Kwetsbare groepen maken zich het meest zorgen over de financiële situatie na corona
Meer dan een derde van de Nederlanders denkt dat de lockdown een gunstig effect heeft gehad op hun portemonnee. Ongeveer 20 procent van de mensen is bang dat zij na de lockdown weer meer uit zullen gaan geven, terwijl 18 procent van de respondenten zich echt zorgen maakt over hun financiën wanneer de lockdown helemaal voorbij is. Dit neemt niet weg dat veel Nederlanders graag terug willen naar hun oude uitgavenpatroon, met name omdat dit betekent dat zij hun geld weer uit kunnen geven aan etentjes, uitgaan, vakantie en winkelen. Achtergrondkenmerken zoals de hoogte en de stabiliteit van het inkomen en het hebben van een partner spelen hierbij een belangrijke rol.

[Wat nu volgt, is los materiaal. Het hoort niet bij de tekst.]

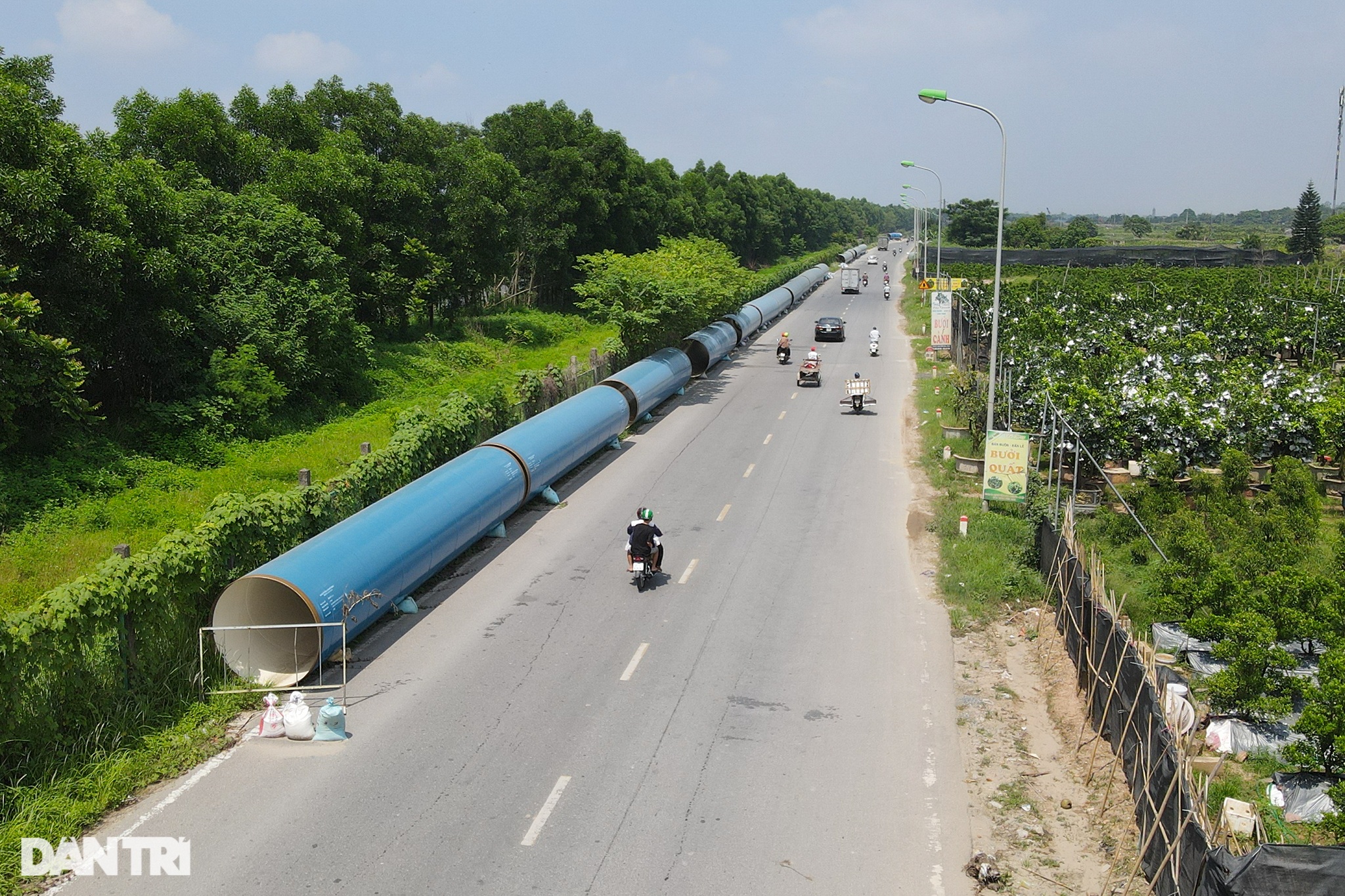 Hàng nghìn ống dẫn nước khổng lồ nằm dọc Đại lộ Thăng Long chờ ghép nối - 12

De kwetsbare groepen geven aan dat zij het liefst het uitgavenpatroon van tijdens de lockdown willen vasthouden, terwijl de stabielere groepen aangeven dat zij na de lockdown weer net zoveel willen en kunnen uitgeven als voorheen.

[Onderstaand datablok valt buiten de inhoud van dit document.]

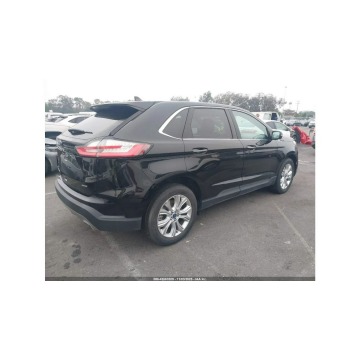 Ford Edge  SUV 2022,  2.0 benzyna, automat - Na sprzedaż za 39 000 zł - Tarnów - zdjęcie 6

Sparen en beleggen niet altijd goed in evenwicht
De groepen die meer geld over hebben gehouden tijdens de lockdown zijn meer gaan sparen (75%) en beleggen (20%). In totaal heeft meer dan een kwart van de Nederlanders geld belegd. Tien procent van de mensen is hier pas sinds kort mee begonnen. Opvallend hierbij is dat ook mensen met weinig spaargeld beleggen. Meer dan een kwart van de mensen die minder dan 2.000 euro spaargeld hebben, belegt. Dit neemt het risico met zich mee dat grote tegenvallers niet kunnen worden opgevangen.
Nederlanders gaan net als verleden jaar minder op vakantie, vakantiegeld verdwijnt vaker “op de grote hoop”
In de jaren voor corona werd ongeveer 45 procent van het Nederlandse vakantiegeld ook daadwerkelijk uitgegeven aan vakantie. Vanwege corona besteedde nog slechts 27 procent van de mensen het vakantiegeld aan vakantie. Met name Nederlanders met een hoger inkomen, een vaste baan en een partner kiezen ervoor om op vakantie te gaan. Nederlanders met een lager inkomen wenden het vakantiegeld juist aan om schulden af te lossen.